TASK DESCRIPTION → Across the records below, count the lines that contain "image" and write down only the count.

DATA FOR THE TASK →
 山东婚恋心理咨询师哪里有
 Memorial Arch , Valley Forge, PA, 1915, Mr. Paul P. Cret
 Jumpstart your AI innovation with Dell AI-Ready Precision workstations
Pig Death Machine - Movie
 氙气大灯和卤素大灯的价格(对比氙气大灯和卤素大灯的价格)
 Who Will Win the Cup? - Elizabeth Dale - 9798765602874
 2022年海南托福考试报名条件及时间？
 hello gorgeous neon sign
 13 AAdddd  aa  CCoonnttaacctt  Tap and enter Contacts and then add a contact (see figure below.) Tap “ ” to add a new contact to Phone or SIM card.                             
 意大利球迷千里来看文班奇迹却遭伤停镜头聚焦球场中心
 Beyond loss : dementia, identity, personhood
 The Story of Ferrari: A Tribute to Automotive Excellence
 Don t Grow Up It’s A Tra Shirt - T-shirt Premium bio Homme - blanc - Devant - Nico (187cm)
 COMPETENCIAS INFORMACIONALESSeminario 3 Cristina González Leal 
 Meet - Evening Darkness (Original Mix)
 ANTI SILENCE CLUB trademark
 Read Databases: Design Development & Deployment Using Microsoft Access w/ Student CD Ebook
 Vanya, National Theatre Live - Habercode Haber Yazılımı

--

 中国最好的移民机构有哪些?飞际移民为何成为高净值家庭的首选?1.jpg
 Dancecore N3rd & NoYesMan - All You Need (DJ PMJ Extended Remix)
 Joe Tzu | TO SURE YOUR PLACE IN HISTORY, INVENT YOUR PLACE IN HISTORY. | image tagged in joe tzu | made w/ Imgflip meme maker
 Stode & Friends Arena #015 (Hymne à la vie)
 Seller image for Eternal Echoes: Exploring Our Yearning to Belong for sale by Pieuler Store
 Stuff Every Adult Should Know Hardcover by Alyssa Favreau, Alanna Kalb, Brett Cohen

--

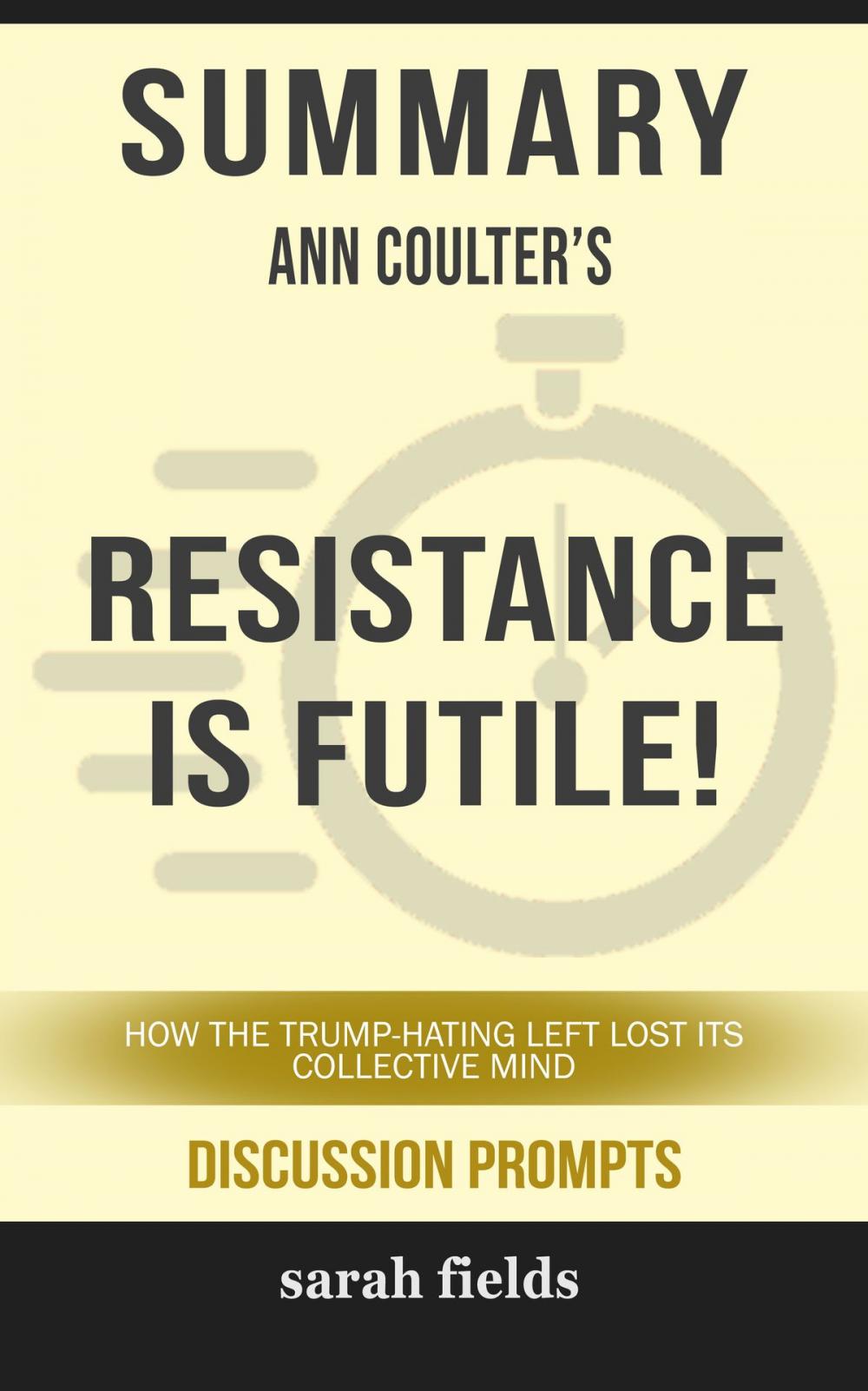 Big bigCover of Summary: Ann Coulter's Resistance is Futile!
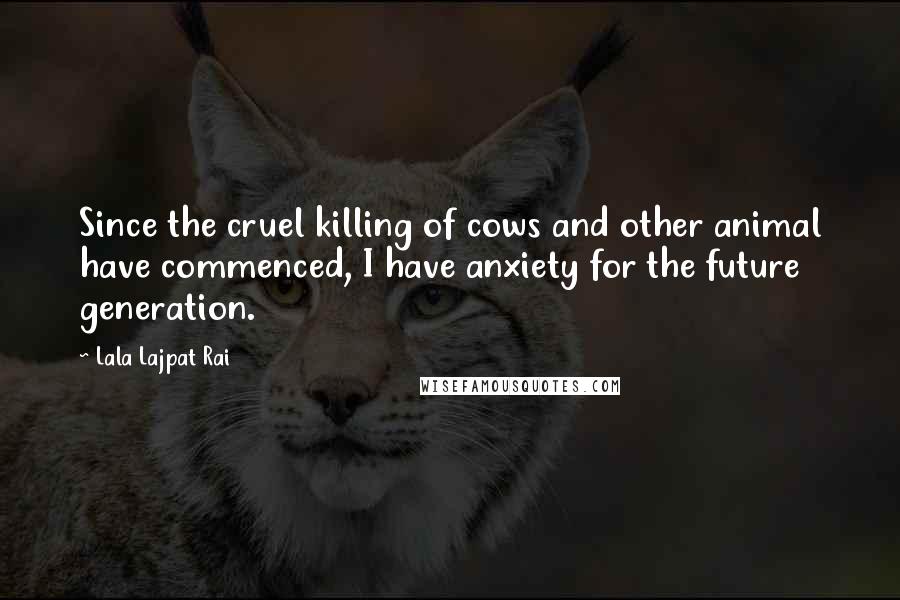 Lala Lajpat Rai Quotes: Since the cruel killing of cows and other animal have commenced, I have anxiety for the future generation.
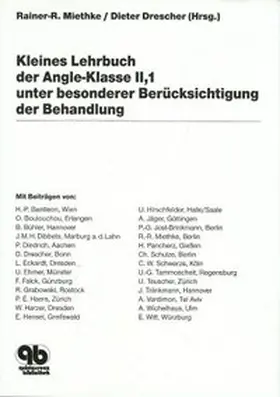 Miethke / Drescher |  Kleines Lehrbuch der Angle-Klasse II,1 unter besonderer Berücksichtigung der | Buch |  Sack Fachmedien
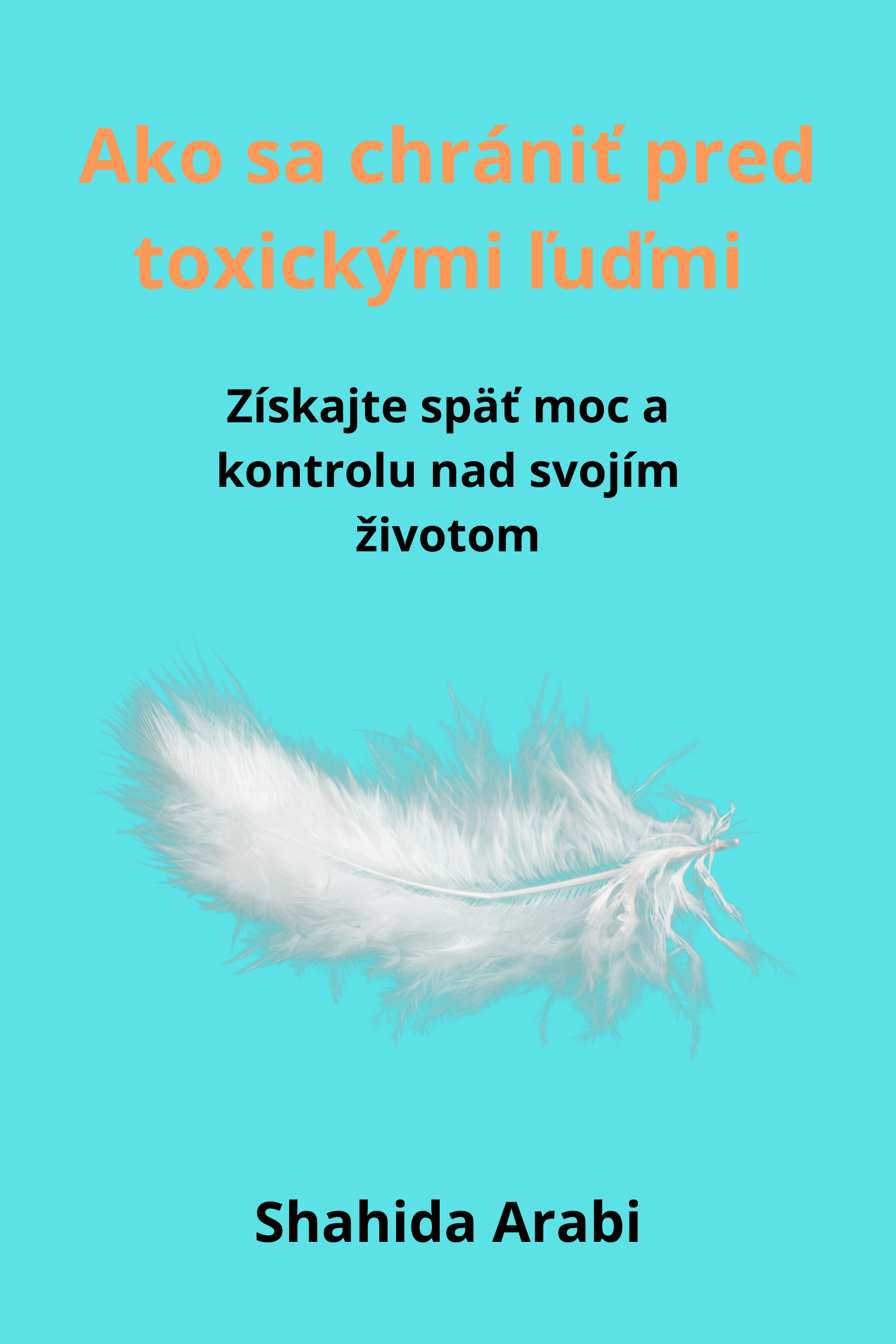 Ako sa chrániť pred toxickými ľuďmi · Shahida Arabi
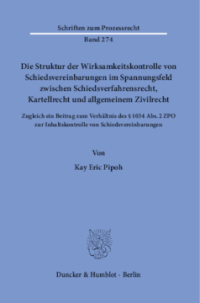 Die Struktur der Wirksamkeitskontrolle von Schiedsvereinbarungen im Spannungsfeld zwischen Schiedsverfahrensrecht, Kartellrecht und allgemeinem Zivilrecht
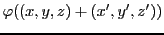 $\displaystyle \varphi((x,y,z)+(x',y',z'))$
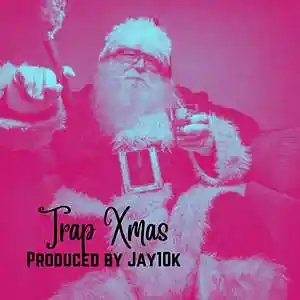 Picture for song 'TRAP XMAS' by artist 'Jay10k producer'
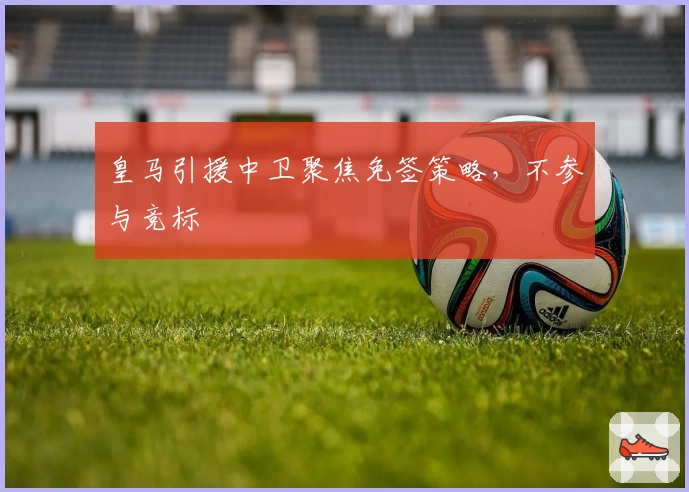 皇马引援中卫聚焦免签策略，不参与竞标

SOLUTION TO THIS PROBLEM → 2